Tomado de Granma (25 de diciembre de 2020)
Pasado un nuevo año (cuatro ya) de la desaparición física de Fidel Castro, se hace más acuciante, atractiva, interesante, problematizadora y cargada de desafíos la pregunta: ¿cómo recordar(lo)?, ¿qué privilegiar, resaltar, poner en primer plano del conjunto de una contribución que fue enorme? Si bien cuatro años es una cifra breve, alcanza para que numerosas circunstancias de la realidad (nacional y mundial) sean diferentes –al menos en la superficie– a las que alcanzamos a conocer, mientras estuvimos juntos, nosotros y Fidel; en una circunstancia así, ¿qué nos deja Fidel, con qué zonas de su obra dialogamos y qué nos dice del mundo que habitamos ahora mismo?, ¿por qué y para qué preguntarle?

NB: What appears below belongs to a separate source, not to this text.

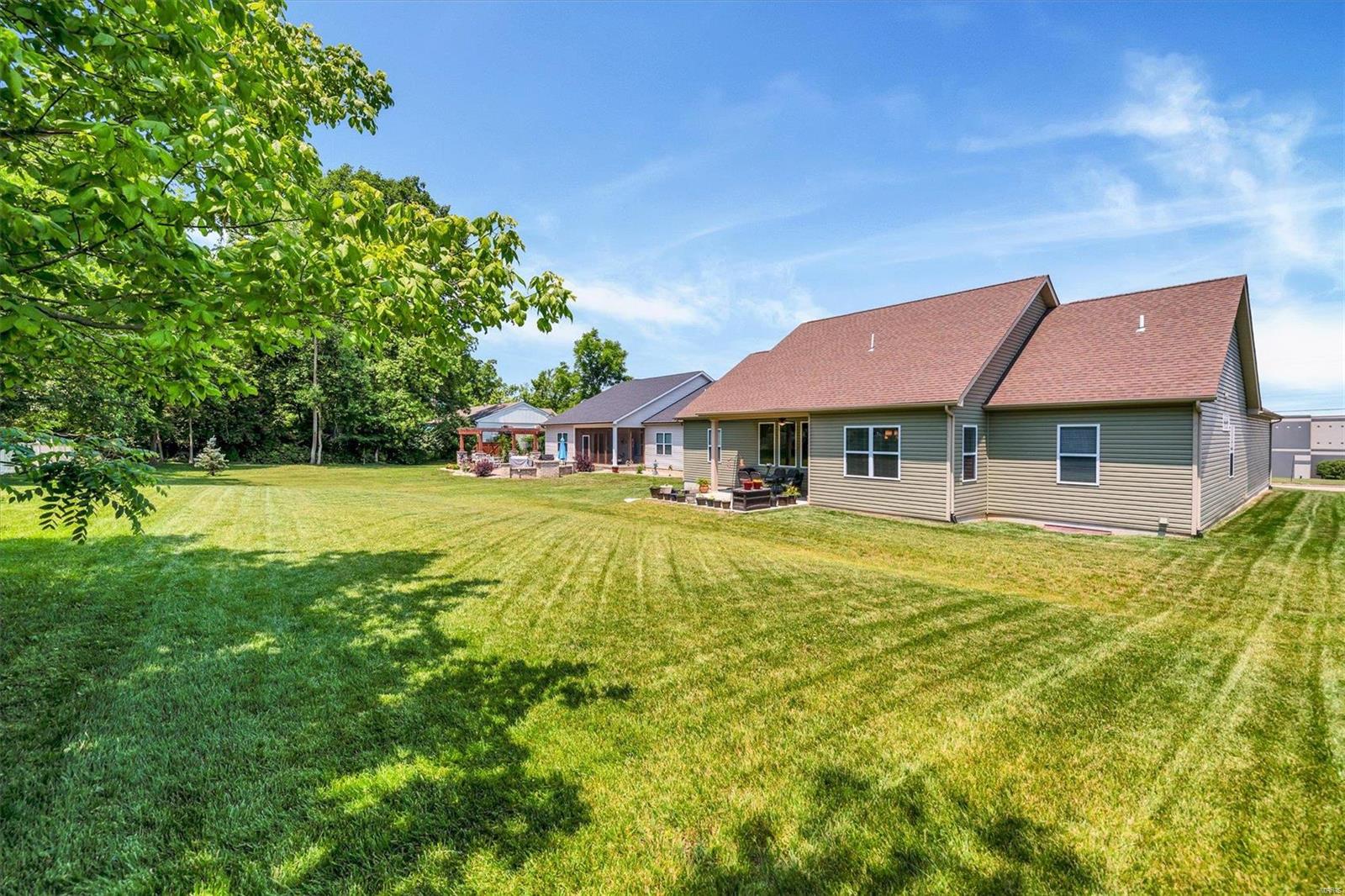 Bent Tree Trails 2 - Residential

Hasta donde logro entender las problemáticas propias de la condición «viviente» del legado (lo cual sería el estado ideal en todo proceso de transmisión de memoria), creo que lo anterior contiene varios de los momentos que es imprescindible atravesar. El legado es un conjunto que reúne, a la misma vez, características de: archivo de conductas ejemplares/ejemplarizantes; grupo de ideas y conceptos entrelazados; presencia monumental (en atención a las dimensiones de asunto o aporte «grandioso»); acumulación de contenidos de carácter simbólico. Esto último porque el legado se trasciende a sí mismo e identifica ya no a la persona con quien más directamente corresponde asociarlo, sino a la época toda en la que «nace y se desarrolla», así como al territorio en el cual su «vida» tiene lugar; dicho de otro modo, la investigación, análisis, lectura y, en general, averiguación del legado nos habla y nos responde sobre la persona, el país, sus habitantes, el tiempo en el cual estuvieron, pero también las condiciones todas en las que estos devenires transcurrieron.